### Exercise directions
Copy exactly the lines of the data below that run from the line holding "Rijstvelden in Thailand" through the line holding "of a brewery.'", both ends included.
*** Records
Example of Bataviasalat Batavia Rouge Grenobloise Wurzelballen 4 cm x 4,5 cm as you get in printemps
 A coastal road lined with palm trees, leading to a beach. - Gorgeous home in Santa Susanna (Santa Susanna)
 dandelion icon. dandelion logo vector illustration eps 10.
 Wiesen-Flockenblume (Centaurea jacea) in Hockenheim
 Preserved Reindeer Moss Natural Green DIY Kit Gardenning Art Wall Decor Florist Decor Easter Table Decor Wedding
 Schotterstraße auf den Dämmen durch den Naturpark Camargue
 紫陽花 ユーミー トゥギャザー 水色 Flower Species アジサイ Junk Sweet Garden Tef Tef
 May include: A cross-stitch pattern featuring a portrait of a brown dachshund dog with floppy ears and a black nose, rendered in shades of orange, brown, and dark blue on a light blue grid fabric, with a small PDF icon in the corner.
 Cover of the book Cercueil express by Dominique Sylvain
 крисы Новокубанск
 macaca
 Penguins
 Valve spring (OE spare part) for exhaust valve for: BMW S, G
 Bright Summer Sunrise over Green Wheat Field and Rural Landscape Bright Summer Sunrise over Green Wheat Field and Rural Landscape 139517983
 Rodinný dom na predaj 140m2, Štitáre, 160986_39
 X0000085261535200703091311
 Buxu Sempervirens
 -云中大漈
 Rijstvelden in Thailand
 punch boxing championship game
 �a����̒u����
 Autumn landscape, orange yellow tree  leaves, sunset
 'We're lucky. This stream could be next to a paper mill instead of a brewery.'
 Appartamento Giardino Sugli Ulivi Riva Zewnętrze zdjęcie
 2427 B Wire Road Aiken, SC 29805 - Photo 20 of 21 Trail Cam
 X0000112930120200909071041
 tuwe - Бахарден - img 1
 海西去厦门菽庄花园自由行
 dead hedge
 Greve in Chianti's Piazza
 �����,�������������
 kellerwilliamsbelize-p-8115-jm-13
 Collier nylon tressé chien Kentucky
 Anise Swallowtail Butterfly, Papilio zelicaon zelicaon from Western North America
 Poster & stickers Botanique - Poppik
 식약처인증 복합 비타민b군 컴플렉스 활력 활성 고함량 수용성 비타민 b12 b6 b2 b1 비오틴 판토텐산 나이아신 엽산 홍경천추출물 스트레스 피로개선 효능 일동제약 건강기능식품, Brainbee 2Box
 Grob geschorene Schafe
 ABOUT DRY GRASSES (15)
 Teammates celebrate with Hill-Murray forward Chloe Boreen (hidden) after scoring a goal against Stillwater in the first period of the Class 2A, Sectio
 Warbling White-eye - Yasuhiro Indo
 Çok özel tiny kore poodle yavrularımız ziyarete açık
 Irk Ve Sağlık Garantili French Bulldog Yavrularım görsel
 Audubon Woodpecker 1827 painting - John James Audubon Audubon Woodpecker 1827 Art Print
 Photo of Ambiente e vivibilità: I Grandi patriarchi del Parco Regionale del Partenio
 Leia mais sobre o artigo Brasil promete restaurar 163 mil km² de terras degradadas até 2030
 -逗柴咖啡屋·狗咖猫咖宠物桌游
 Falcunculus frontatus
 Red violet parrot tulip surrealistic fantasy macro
******
### Exercise solution
 Rijstvelden in Thailand
 punch boxing championship game
 �a����̒u����
 Autumn landscape, orange yellow tree  leaves, sunset
 'We're lucky. This stream could be next to a paper mill instead of a brewery.'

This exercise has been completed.